Companies over the years have found out that workplace romance is just bad for business because  they are fault with a lot of pitfalls and danger. That is why some mandate you must not do it in the first place. So, before you proceed with shooting your shot, make sure you are not breaking company rules.

It could affect your career

Let’s say your company doesn’t strictly prohibit you from dating your coworker. In this situation, once you start dating a coworker, you come off as unprofessional. Your other colleagues will start looking at you differently once they notice you are in a relationship with a coworker.

It’s just hard to look professional when you are lovey-dovey, and it is highly recommended you do nothing at your job that runs the risk of making you look less professional.
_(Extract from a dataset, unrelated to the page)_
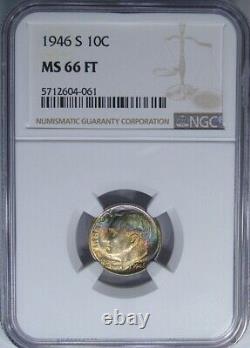 1946-s 10c Ngc Ms66ft Roosevelt Two-sided Rainbows & Inverted S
You are at your job to provide, to move up the ladder, to hopefully get promotions and looking unprofessional doesn’t help you in any of those goals. 

Also, as much as folks hate to admit it, dating a colleague will lead to a decrease in productivity. If you are at work flirting with your partner, joking around, and always walking back and forth to their desk, you are not going to get much work done.

What if it doesn’t work out?

Every relationship is going to have bad days. One of the best ways to move past it is for both partners to go to their corners to try to process it, but if you are working together, you will have to see each other every single day, This does not help to remedy the problems you guys had the night before.

Let’s say the argument then leads to a breakup, and it will be harder to go through the healing process. Usually, when you end things with someone, you don’t have to see them anymore, but if you guys work in the same place, you are going to have to see this person you’re no longer with, 5 days a week for a very long time.

Conclusion

There are several pros and cons of meeting and dating someone at work, and most people will even tell you not to do it outright. And to be honest, it is probably the best you look elsewhere for a hookup because the disadvantages far outweigh the advantages.